### [What to produce]
The answer must be only the lines below from the one holding "一键提取生活小技巧视频文案做" down to the one holding "北京地铁新机场线公布票价：最高35元，航空旅客可8折购票-北京机场地铁多少钱", ends included, printed exactly; please omit all pictures.
[[ Provided data open ]]
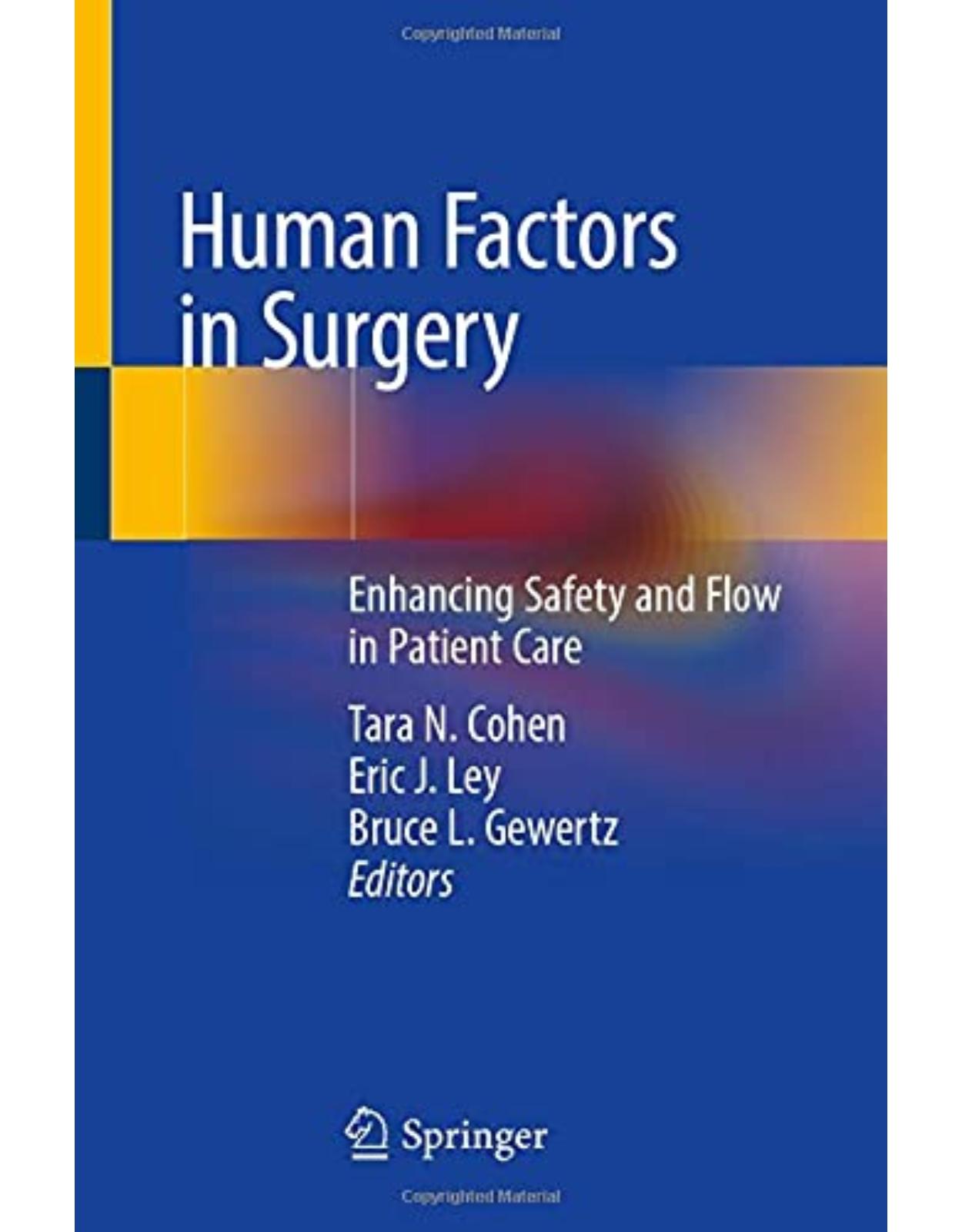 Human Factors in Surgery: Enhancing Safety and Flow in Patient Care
[[ Provided data closed ]]
[[ Provided data open ]]
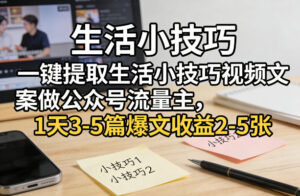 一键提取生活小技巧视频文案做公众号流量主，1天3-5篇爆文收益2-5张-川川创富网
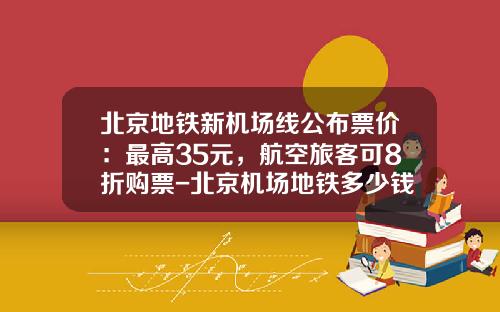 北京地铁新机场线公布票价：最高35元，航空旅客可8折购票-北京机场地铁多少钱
[[ Provided data closed ]]
### [Reply to the exercise]
 一键提取生活小技巧视频文案做公众号流量主，1天3-5篇爆文收益2-5张-川川创富网
 北京地铁新机场线公布票价：最高35元，航空旅客可8折购票-北京机场地铁多少钱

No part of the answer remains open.